#### [INFORMATION SHOWN]
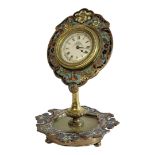 AN EARLY 20TH CENTURY BRASS, ENAMEL AND ONYX TABLE CLOCK Scrolled case with champleve enamel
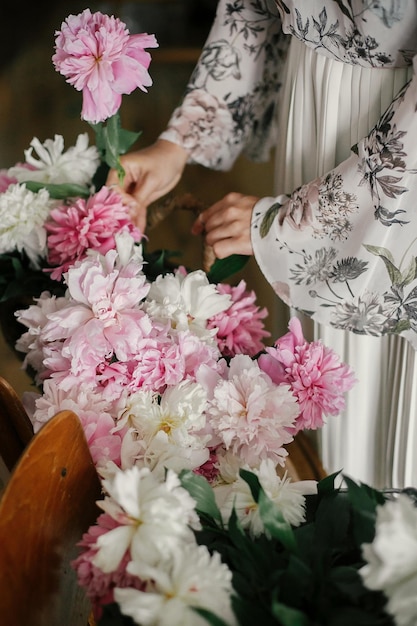 Foto chica bohemia sosteniendo peonías rosadas y blancas en las manos en una silla de madera rústica mujer hipster con estilo en vestido bohemio arreglando flores de peonía decoración de boda del día internacional de la mujerxa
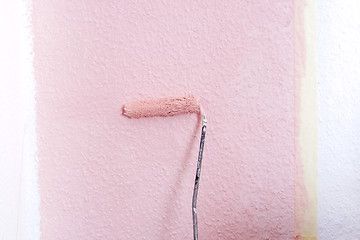 Image showing painting a wall in pink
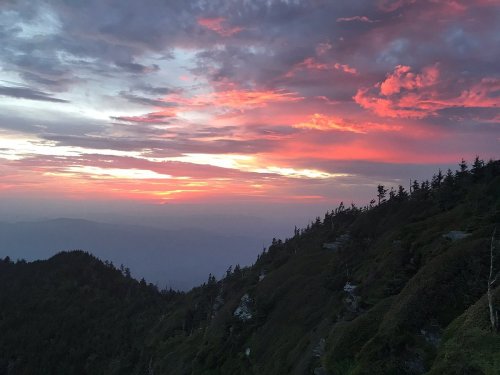 A vibrant sunset paints the sky in shades of pink and orange over a mountainous landscape with trees.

#### [TASK INSTRUCTIONS]
Give back the material above exactly as it appears, minus any picture.

#### [EXERCISE RESPONSE]
 AN EARLY 20TH CENTURY BRASS, ENAMEL AND ONYX TABLE CLOCK Scrolled case with champleve enamel
 Foto chica bohemia sosteniendo peonías rosadas y blancas en las manos en una silla de madera rústica mujer hipster con estilo en vestido bohemio arreglando flores de peonía decoración de boda del día internacional de la mujerxa
 Image showing painting a wall in pink
 A vibrant sunset paints the sky in shades of pink and orange over a mountainous landscape with trees.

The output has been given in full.